The Australian Department of Foreign Affairs and Trade (DFAT) awarded a $400,000 grant to Griffith University researchers to develop a network of energy-efficient smart sensors that will help Vietnam combat flooding.

The project aims to create a web of micro-sensors spread throughout Ho Chi Minh (HCM) City to monitor flood levels in real-time. Associate Professor Dzung Dao, Head of Mechanical Engineering and Industrial Design, is leading the project along with Saigon Hi-Tech Park Labs and the University of Southern Queensland.

Dao noted that HCM City, which is the largest city in Vietnam, faces weekly deluges of floodwater that severely impacts more than 60% of its citizens and causes severe economic loss every year. The first step to overcoming the problem is developing a sensory system throughout the city that monitors water levels to find out exactly where and when it is flooding.

Several flood detection systems have been tried in the past, but as these used cameras and conventional sensors and communication systems they were costly and had power consumption issues, he noted.

As per news reports, the energy-efficient wireless sensor network will use tiny nano-sensors, that can be mass-produced for a fraction of the cost and with significantly lower power consumption. Hundreds of these sensors deployed on land and in rivers will wirelessly feed flood information back to a hub on the internet creating a smart long-range sensor network.

The team discovered that as the sensors get smaller, they start to take on interesting properties. They get increasingly sensitive to changes in the environment and get stronger, Dao explained. The hot and humid weather, heavy rain, and high outflow from rivers, urbanised areas, and obsoleted sewage systems also leads to poor performance and lifespan for flood detection sensors. However, the new, tiny silicon carbide sensors are robust enough to withstand a long deployment in these harsh environments.

The internet-linked sensor network will act as an early flood detection and warning system.
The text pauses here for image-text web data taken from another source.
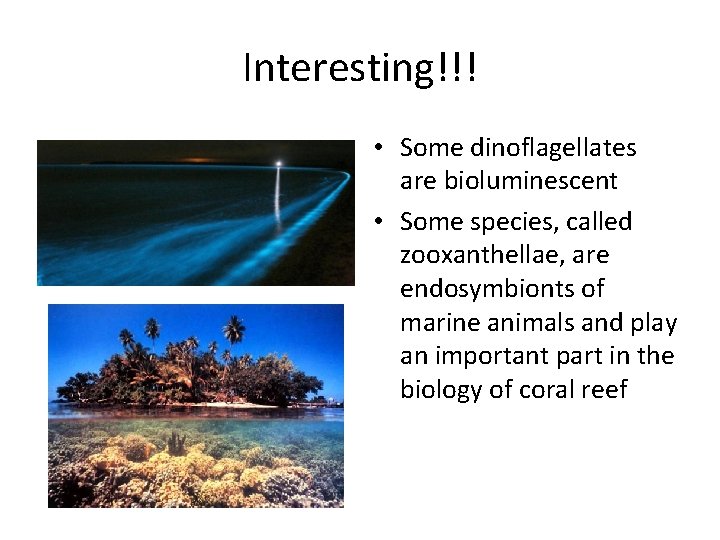 Interesting!!! • Some dinoflagellates are bioluminescent • Some species, called zooxanthellae, are endosymbionts of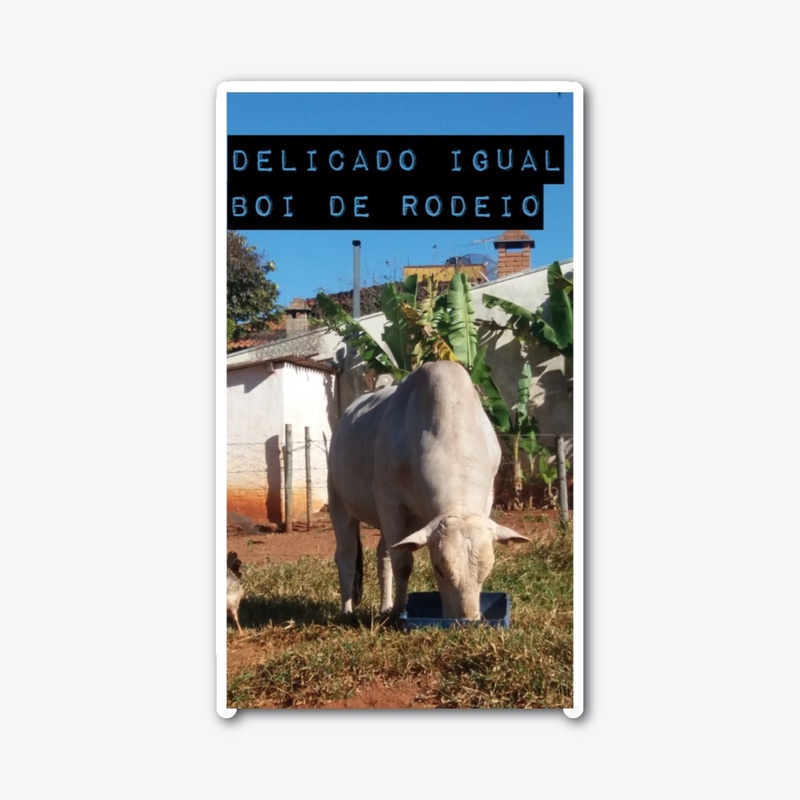 SUCESSOR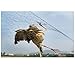 DGCUS Bird Netting Fruit Tree Protective Net Pests Block Poultry Aviary Pen 50'X50'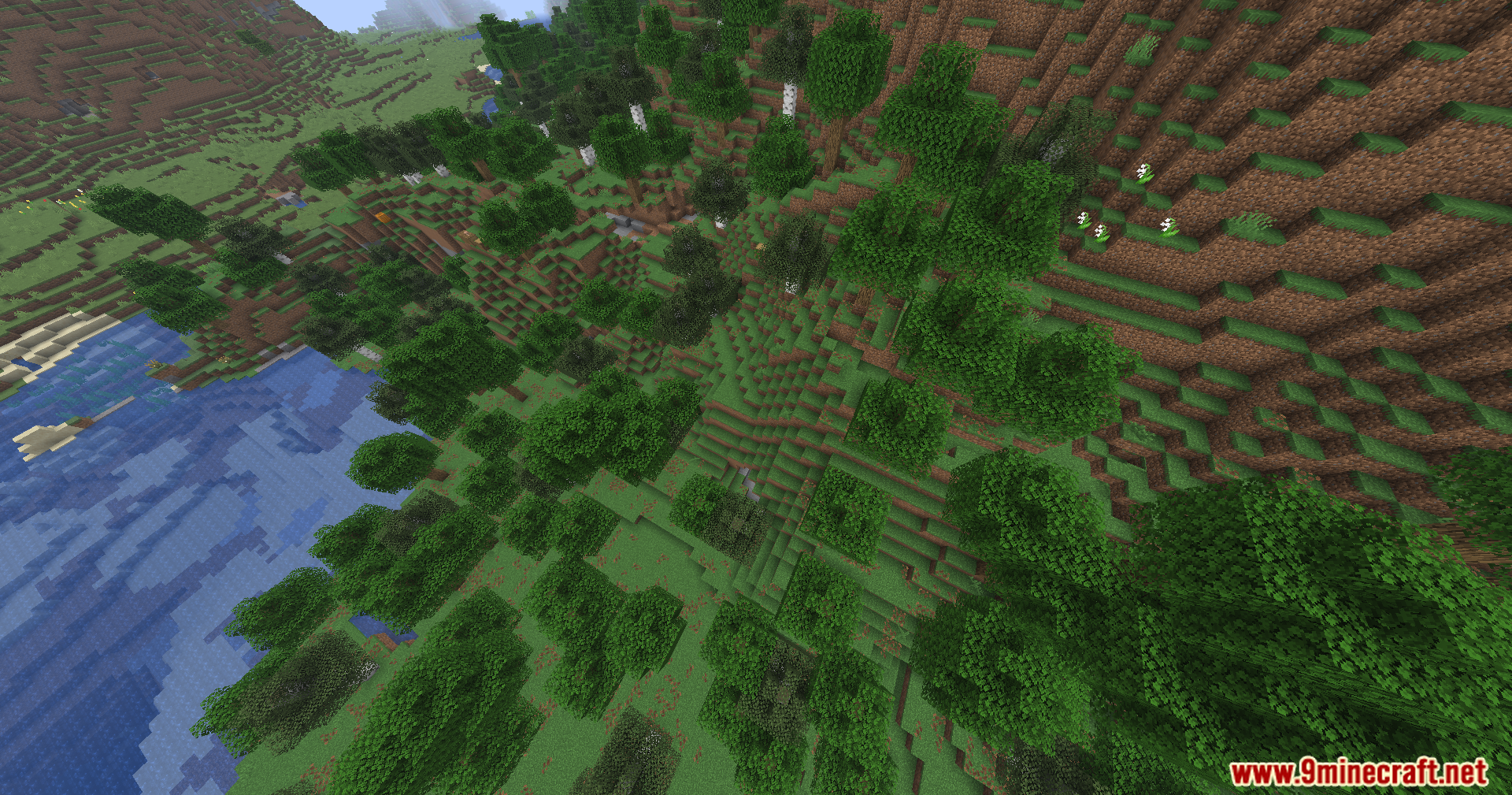 An aerial view of a dense forest on a hillside next to water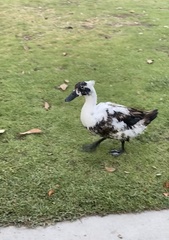 Anas platyrhynchos domesticus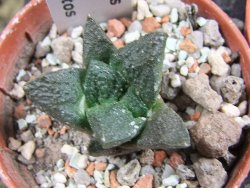 Ariocarpus fissuratus Puertecitos, pot 5,5 cm - 12387031
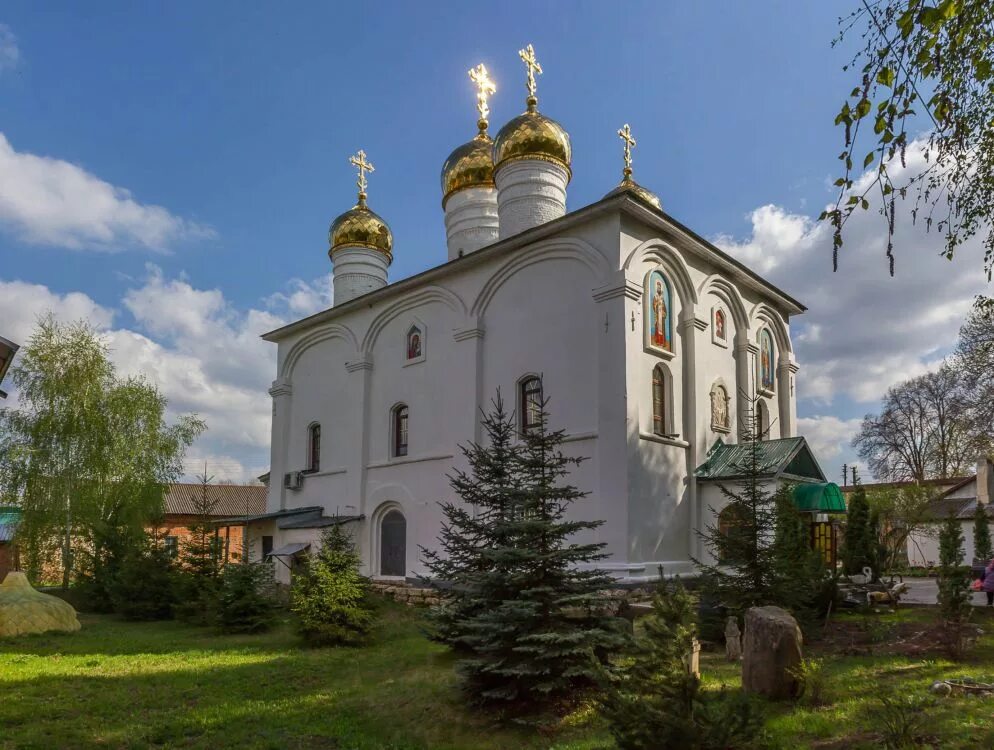 Свято-Троицкий монастырь Лебедянь. Лебедянь Троицкий женский монастырь. Троицкий Лебедянский женский монастырь в Липецкой области. Троицкий мужской монастырь Лебедянь.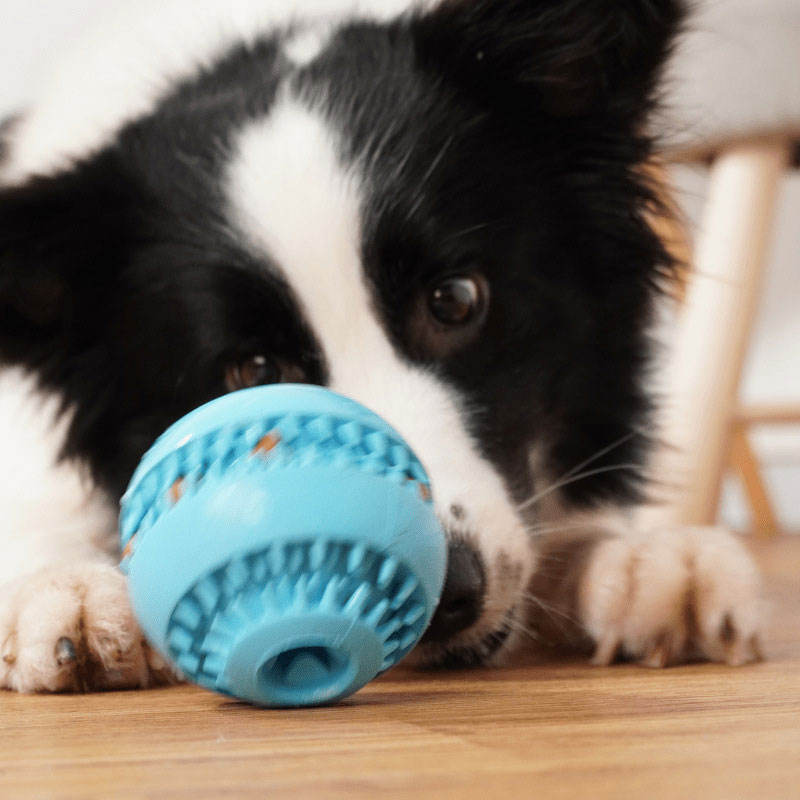 Pelota para Mascotas de Goma Natural para Limpieza de Dientes Pequeño-Medio Rompecabezas Inteligencia Pérdida de Alimento Juguetes para Perros en forma de Pelota — imagen 2
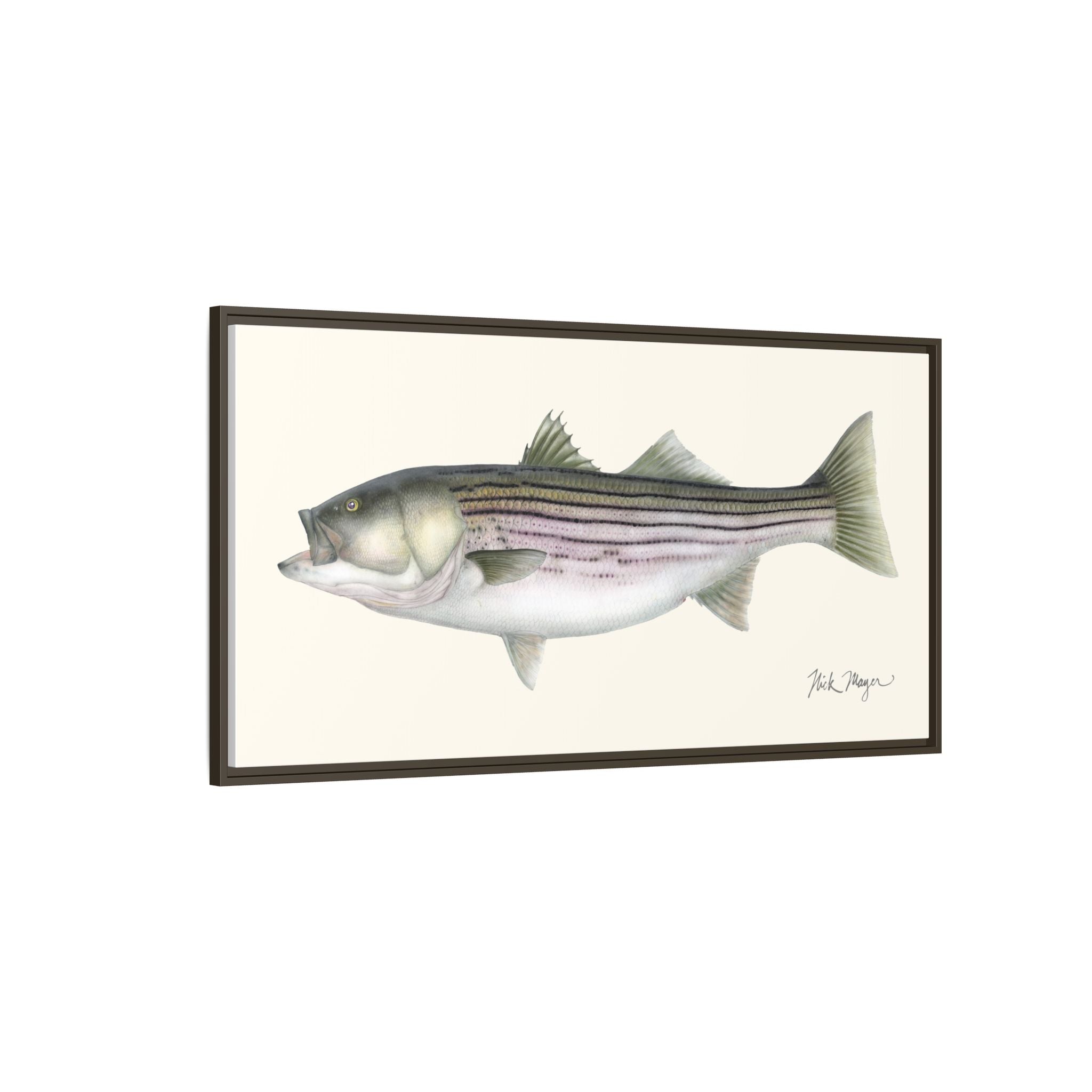 Striped Bass, 30 lbs Framed Canvas Print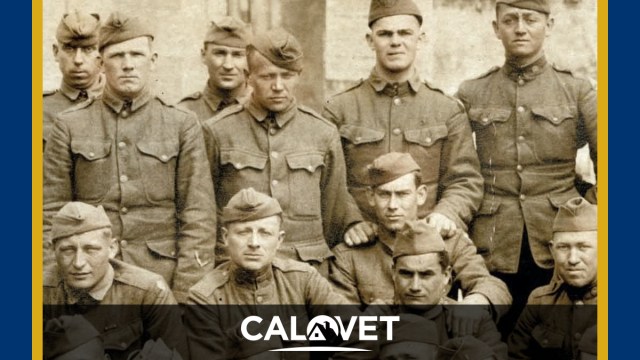 U.S. Army battalion during WWI.
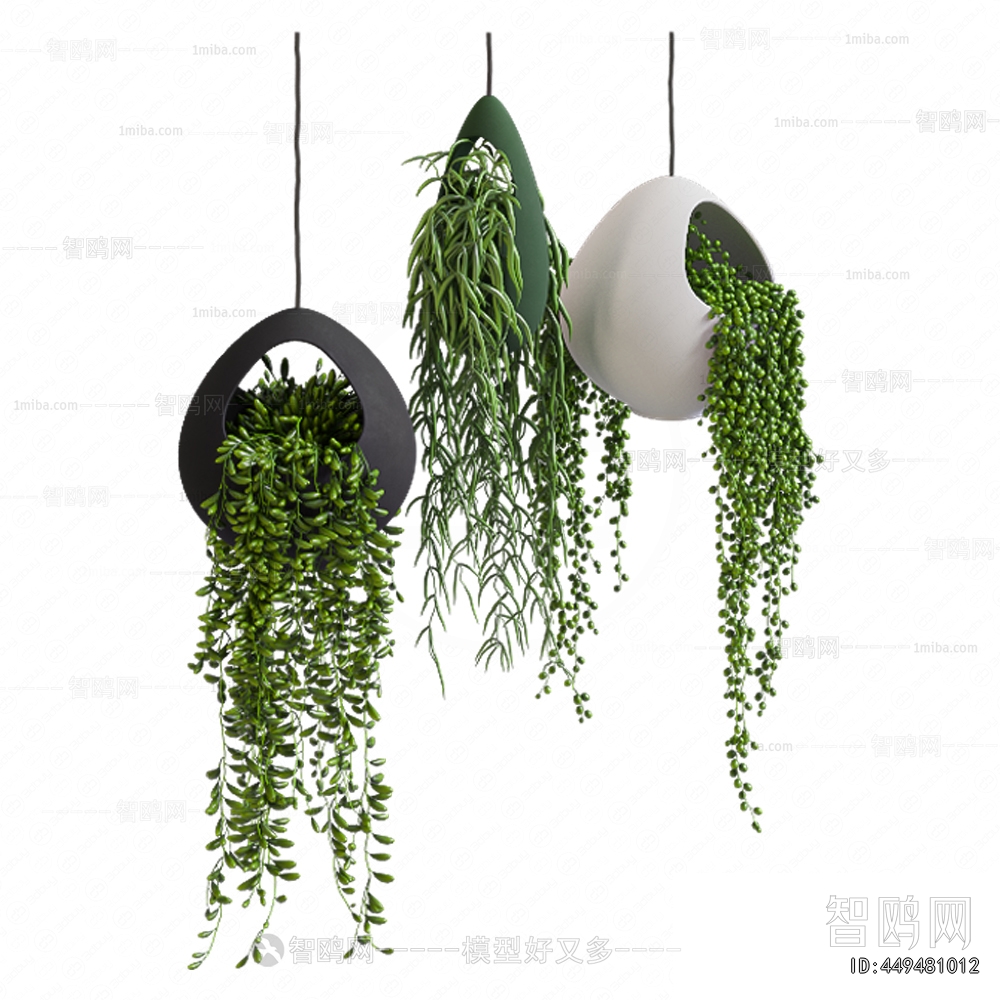 Modern Chlorophytum Comosum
It will assist emergency services and warn citizens in the city via a mobile phone application, helping people avoid flooded areas and mitigating human and economic losses in HCM City.

The sensor network is also the essential first step to developing an automated response system for the prevention of local flooding in the city using stormwater drainage infrastructure to capture, divert, or pump water to less flooded areas. Once the team has a proof-of-concept of the smart monitoring network in HCM City, it envisions similar systems being installed in further regions of Vietnam and other countries also affected by economically crippling flooding.

Vietnam has been pushing for more energy-conscious solutions and recently launched the online EVNSOLAR platform for roof-top solar power.

As OpenGov Asia reported, EVNSOLAR provides comprehensive solutions for potential investors, including both households and enterprises, in developing rooftop solar power. Customers will have easier access to contractors who can offer reasonable prices, as well as banks and financial organisations that provide credit support solutions.

The contractors joining the platform must commit to providing products and services that meet the quality of German evaluation standards. Soon, the platform will be developed for mobile applications and its tools and technologies will be further improved to promote connection and interaction among users.